### Task requirements
Exercise in exact copying: restate word for word only the lines below from the one containing "Little family happiness" through the one containing "Заместитель министра здравоохранения", omitting any pictures.

### Entries shown

------------------------------------------------------------

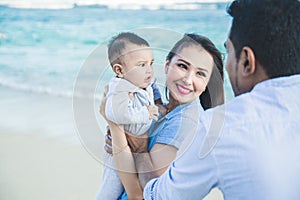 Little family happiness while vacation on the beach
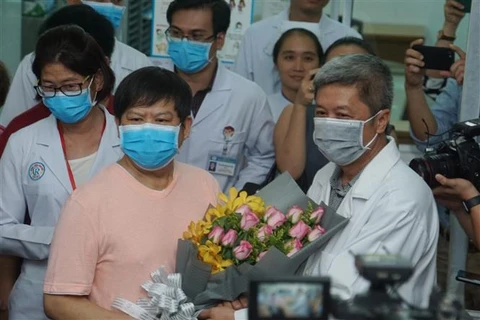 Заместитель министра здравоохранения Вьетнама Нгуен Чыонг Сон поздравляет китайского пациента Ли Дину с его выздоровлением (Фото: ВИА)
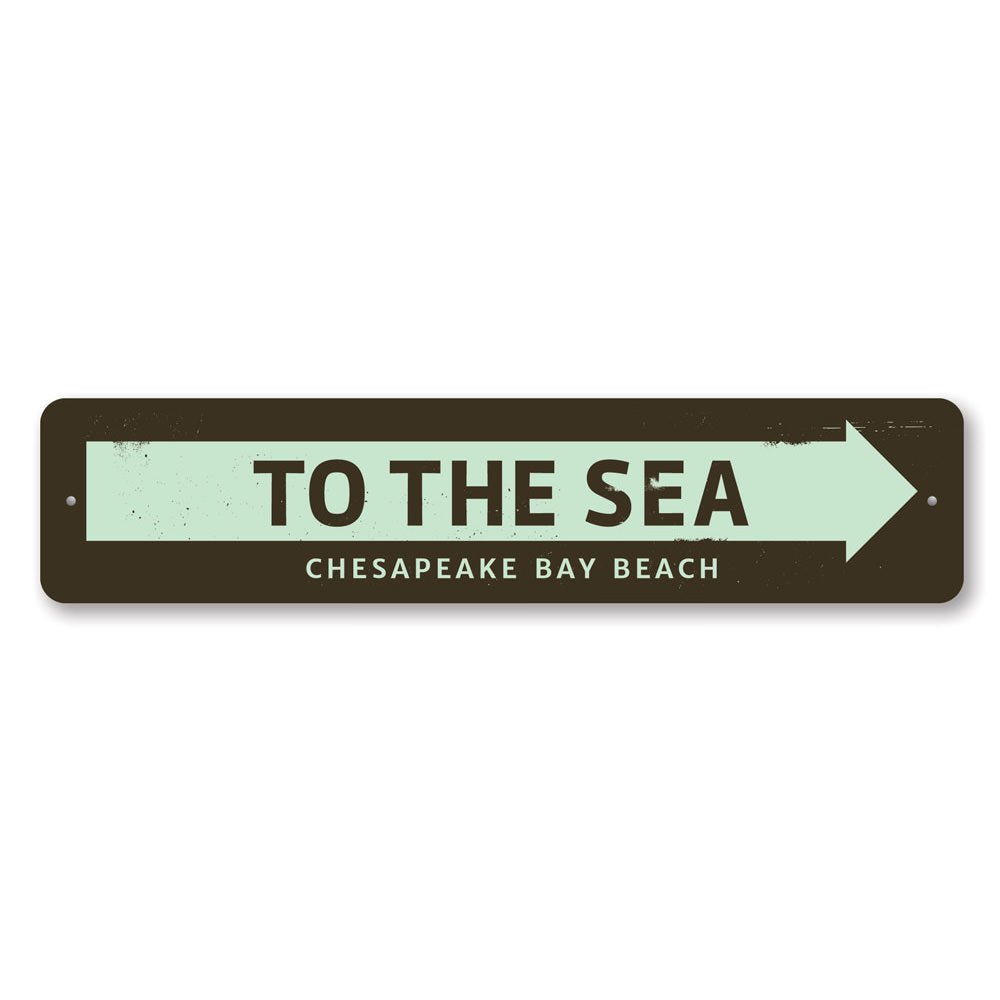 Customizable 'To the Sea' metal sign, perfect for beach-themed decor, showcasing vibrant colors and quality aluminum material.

------------------------------------------------------------

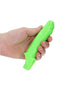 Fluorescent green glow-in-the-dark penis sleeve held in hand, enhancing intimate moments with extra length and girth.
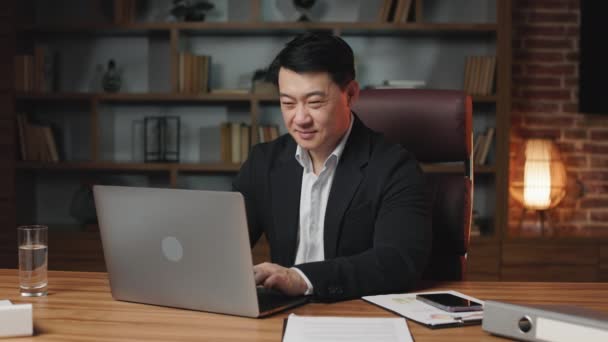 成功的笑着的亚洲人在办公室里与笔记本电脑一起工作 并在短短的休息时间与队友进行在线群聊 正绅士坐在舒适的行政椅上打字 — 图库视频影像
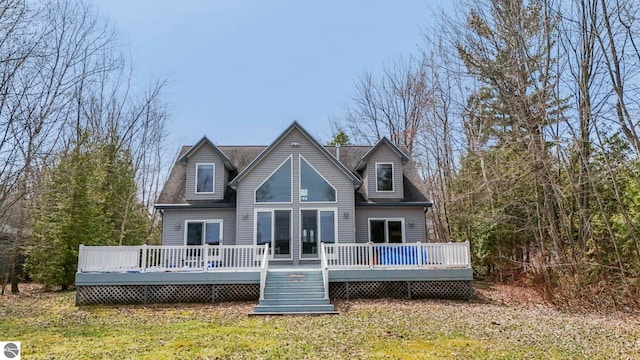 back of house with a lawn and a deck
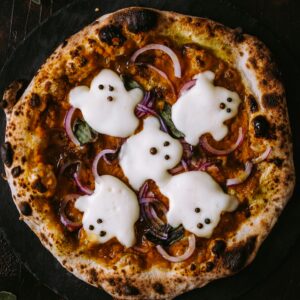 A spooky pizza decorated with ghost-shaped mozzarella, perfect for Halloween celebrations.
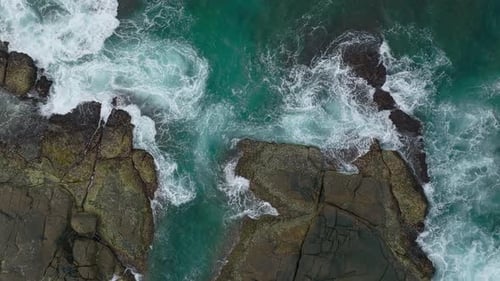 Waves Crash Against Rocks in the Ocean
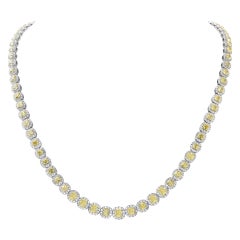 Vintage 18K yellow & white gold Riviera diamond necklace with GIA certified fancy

------------------------------------------------------------

### Solution for this problem
 Little family happiness while vacation on the beach
 Заместитель министра здравоохранения Вьетнама Нгуен Чыонг Сон поздравляет китайского пациента Ли Дину с его выздоровлением (Фото: ВИА)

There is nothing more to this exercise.